Throughout the year I have been having trouble finding another different headline to describe yet one more 'record' sale of store cattle or sheep, without being boring or sensationalist.

So, in the cause of balance I resorted to reporting 'another outstanding sale', and lest the reader think I have become somewhat nonchalant or indifferent to recording those sales, I have been mindful of being accurate without being too expectant.

One thing I have avoided in my reports is the concern many express of a market correction - when will it fall is a common retort - but all the signs for land, sheep and cattle and cropping enterprises indicate strong demand for the foreseeable future.

I am positive the future of Australian agriculture is sound, and that was confirmed through an interview with international agricultural commodities analyst Simon Quilty, who has every confidence in the growing demand for Australian agricultural products.

So, in the new year, I expect to continue reporting on strong sales for livestock across the south, and with another good season, successful returns from cropping enterprises.

Under the pink hat

I abhor waste: waste on any kind - time, space, knowledge, money, experience, water - is a blight on society.

But the greatest waste, that of food, whether through over eating, discarding foodstuffs left in the fridge for too long or the non-purchase of fruit and vegetables which do not conform to an acceptable uniformity shows little respect by the consumer.

The ready availability and cheapness of food does not truly reflect the efforts farmers make in producing as healthy a product as they can and still make a profit.

The drive to push food prices 'down, down, down', is not a help to society, if those low prices are indicative of low wages for those along the food chain, diminishing nutritional value of foodstuffs or the ultimate degradation of the landscape.

All who read this newspaper have a connection with the production, processing and distribution of food stuffs and you have taken great care of your livestock and crops through indifferent seasons.

The health of your livestock or crops reflects immediately on your bottom line and I think there is enormous potential for the wider consuming public to be educated to the need to pay more for their food.
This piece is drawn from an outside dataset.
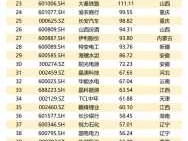 股票600121？河南上市公司排名？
That is not a grab for the farmer's to become more wealthy, but a plea for a sustainable future where nutritional food will be available for all.

There aren't many reading this column who will easily recall the food rationing which occurred during the second world war - but in the global drive to have food available for all at any time, have consumers lost touch with the true implications of food production?

Of course there is an upside - whilst ever the overseas' demand for food produced here continues to rise, food prices here must increase.

There is already a certain portion of society willing to pay for quality - witness the support local farmer's markets have in many parts of the country.

And finally ...

I was entranced when reading A Room Made of Leaves by Kate Grenville.

This is a novel based upon historic events and the people who shaped those events, and as such is of the genre successively mined by many authors.

In this publication she sets out to tell the story of one of Australia's less understood women Elizabeth Macarthur through the chance discovery of a secret memoir written by Elizabeth and kept hidden for more than two centuries.

I'm a big fan of Elizabeth - she is only slowly acknowledged as the 'mother' of the colonial wool industry and whose efforts started the Australian wool industry.

So I read with fascination, but with some trepidation, as I came to realise some of the events could not have happened.

And it wasn't until the last page that I realised the readers had been warned with a quote which may or may not be by Elizabeth - 'Do not believe too quickly!' - on the title page.

When lies become told so often they become accepted as the truth, and when truth is distorted or buried under so much hubris, when trust in social, commercial or political circles and the lack of faith in our institutions daily rises, A Room Made of Leaves is a timely book.

Enjoy your Christmas and a happy new year.